They sure do, but at the consumer level, products that maim or otherwise harm people tend not to last too long on the market.
That's a moot point to this discussion, but I love that reasoning: There's no need for safety regulations since manufacturers will wisely and responsibly take a dangerous product or component off the market after it stops selling well.
LOL! So tell me why again the free market should regulate the software market again? If the product doesn't work, people won't buy it.
Wow, you are dense. I wrote that very answer in my previous post. Since your reading comprehension level is obviously quite low, here it is again. The free market method of regulation doesn't work here because all purveyors in this industry exempt themselves from liability as a condition to use the product. I guess you never actually read a software end-user liceense agreement (EULA). In addition, almost all retailers will not refund an opened software/video game purchase. So, once the publisher has the consumer's money, it doesn't need to worry about his dissatisfaction. By the time its next game comes out, the consumer will have forgotten, or the publisher will have changed names or merged with another one.

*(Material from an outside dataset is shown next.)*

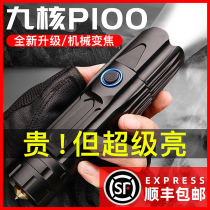 Mingjiu P100 strong light flashlight charging portable small outdoor super bright long shot meter army xenon lamp 5000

Want a good real world example that free-market regulation doesn't work for this industry? Just look at EA. Many if not most of EA games are significantly broken at release (and still broken years later) and yet EA has yet to go out of business or suffer financially for it. When the consumer can't return the product or successfully sue the manufacturer, there's no financial reason for the company to care about quality.
This comment was edited on Jun 18, 00:27.